Osteochondral lesions of the talus – damage to the cartilage and underlying bone – commonly occur in active individuals and can lead to chronic pain and impaired function. While AOCT has long been a standard treatment, it carries the risk of donor site morbidity. This new research suggests AOPT, which utilizes bone and periosteum from a patient’s own body, can achieve comparable clinical outcomes and cartilage repair quality, with possibly reduced complications. The study followed 67 patients - 33 receiving AOPT and 34 receiving AOCT – for two years post-surgery.
Researchers assessed patient outcomes using several measures, including the visual analog scale for pain (VAS), the American Orthopaedic Foot & Ankle Society (AOFAS) ankle-hindfoot score, and the ankle activity score (AAS) at 3, 6, 12, and 24 months. Cartilage repair was evaluated using the magnetic resonance observation of cartilage repair tissue (MOCART) score and arthroscopic examination via the International Cartilage Repair Society (ICRS) score. Donor site morbidity was also tracked throughout the 24-month follow-up.
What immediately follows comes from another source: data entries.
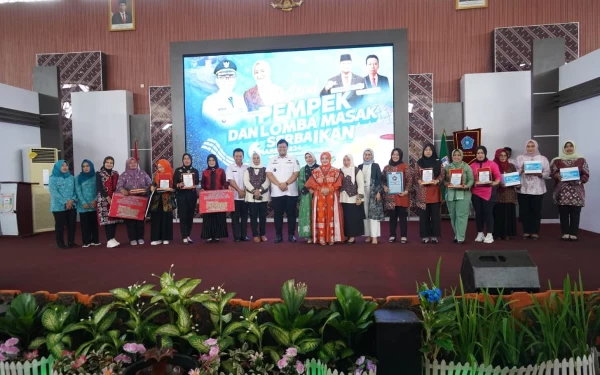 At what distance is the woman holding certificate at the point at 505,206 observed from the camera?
17.7ft

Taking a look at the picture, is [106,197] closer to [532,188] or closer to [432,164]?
[432,164]

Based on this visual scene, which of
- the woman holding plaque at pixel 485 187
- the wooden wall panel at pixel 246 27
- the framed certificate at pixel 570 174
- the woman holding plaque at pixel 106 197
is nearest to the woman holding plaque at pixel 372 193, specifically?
the woman holding plaque at pixel 485 187

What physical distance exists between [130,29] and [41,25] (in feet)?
7.07

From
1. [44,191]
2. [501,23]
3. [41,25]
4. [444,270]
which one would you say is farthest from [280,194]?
[41,25]

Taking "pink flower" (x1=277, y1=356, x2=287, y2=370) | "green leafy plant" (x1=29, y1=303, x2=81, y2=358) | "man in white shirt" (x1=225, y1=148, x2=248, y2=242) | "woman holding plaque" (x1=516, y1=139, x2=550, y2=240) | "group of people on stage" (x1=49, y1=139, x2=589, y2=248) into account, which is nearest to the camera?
"pink flower" (x1=277, y1=356, x2=287, y2=370)

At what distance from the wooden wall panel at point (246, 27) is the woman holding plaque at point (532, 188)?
9.55ft

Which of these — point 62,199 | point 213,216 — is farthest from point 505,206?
point 62,199

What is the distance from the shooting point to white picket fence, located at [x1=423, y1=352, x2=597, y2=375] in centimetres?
172

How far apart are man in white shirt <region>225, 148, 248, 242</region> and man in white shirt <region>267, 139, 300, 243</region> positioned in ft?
1.47

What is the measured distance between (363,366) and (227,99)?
22.1 feet

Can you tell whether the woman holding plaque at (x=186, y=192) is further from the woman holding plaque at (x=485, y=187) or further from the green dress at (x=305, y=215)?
the woman holding plaque at (x=485, y=187)

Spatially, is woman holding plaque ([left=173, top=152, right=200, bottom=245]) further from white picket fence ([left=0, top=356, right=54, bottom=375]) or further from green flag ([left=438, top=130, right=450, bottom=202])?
green flag ([left=438, top=130, right=450, bottom=202])

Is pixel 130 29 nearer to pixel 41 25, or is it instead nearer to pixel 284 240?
pixel 41 25

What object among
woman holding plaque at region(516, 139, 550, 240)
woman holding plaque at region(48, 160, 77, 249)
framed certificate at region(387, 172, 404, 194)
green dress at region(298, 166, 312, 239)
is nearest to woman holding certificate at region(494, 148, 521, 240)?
woman holding plaque at region(516, 139, 550, 240)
the trial demonstrated no important differences between the two groups in terms of pain, function, or overall clinical enhancement as measured by the VAS, AOFAS, and AAS scores. While the AOCT group initially showed better cartilage repair scores (MOCART and ICRS) within the first year, the AOPT group’s scores improved to a comparable level by the 24-month mark. Importantly, the AOPT group experienced a lower incidence of donor site morbidity and reported lower pain scores throughout the study period.
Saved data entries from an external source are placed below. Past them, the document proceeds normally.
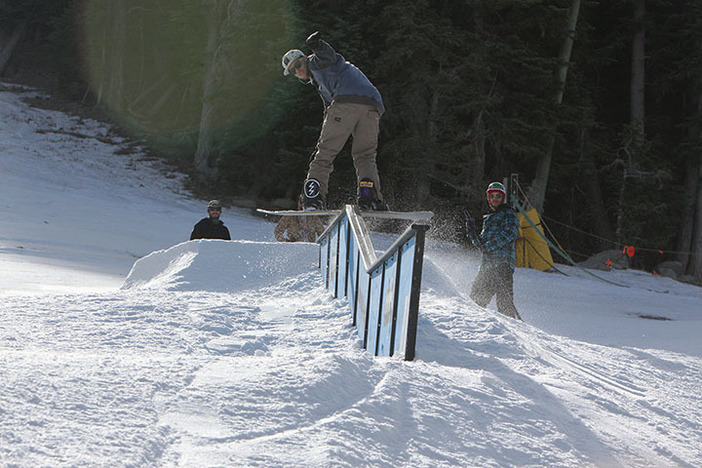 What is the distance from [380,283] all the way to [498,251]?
3479mm

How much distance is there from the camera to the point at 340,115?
6590 mm

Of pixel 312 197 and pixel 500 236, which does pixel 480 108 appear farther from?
pixel 312 197

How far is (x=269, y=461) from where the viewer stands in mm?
2262

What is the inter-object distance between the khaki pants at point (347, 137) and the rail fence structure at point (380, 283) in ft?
2.09

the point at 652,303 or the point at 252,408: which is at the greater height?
the point at 252,408

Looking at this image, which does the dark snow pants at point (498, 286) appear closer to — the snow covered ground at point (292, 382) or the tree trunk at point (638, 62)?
the snow covered ground at point (292, 382)

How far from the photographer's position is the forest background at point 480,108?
64.7 ft

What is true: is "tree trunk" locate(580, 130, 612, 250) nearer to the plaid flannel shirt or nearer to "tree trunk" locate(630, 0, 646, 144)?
"tree trunk" locate(630, 0, 646, 144)

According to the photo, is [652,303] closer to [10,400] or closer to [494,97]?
[494,97]

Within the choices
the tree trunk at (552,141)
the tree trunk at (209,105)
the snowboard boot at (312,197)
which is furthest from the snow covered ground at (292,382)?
the tree trunk at (209,105)

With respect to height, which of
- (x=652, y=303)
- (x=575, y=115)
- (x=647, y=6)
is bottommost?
(x=652, y=303)

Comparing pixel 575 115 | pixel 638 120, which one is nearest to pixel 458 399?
pixel 575 115

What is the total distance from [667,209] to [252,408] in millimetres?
23140

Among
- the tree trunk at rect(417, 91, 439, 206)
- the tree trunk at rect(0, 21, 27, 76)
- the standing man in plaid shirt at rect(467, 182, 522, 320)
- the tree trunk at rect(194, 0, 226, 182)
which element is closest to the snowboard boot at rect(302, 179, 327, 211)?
the standing man in plaid shirt at rect(467, 182, 522, 320) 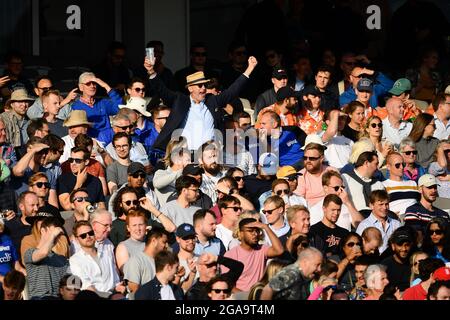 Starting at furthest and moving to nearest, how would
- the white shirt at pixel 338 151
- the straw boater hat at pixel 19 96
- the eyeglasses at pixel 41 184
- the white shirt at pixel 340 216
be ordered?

The study concludes that AOPT demonstrates non-inferiority to AOCT for treating large cystic OLTs, offering a potentially beneficial alternative with reduced donor site complications. Researchers emphasize the need for long-term follow-up to confirm these findings and fully understand the durability of the results.
Keywords: autologous osteochondral transplantation; autologous osteoperiosteal transplantation; donor site morbidity; osteochondral lesions of the talus; randomized controlled trial.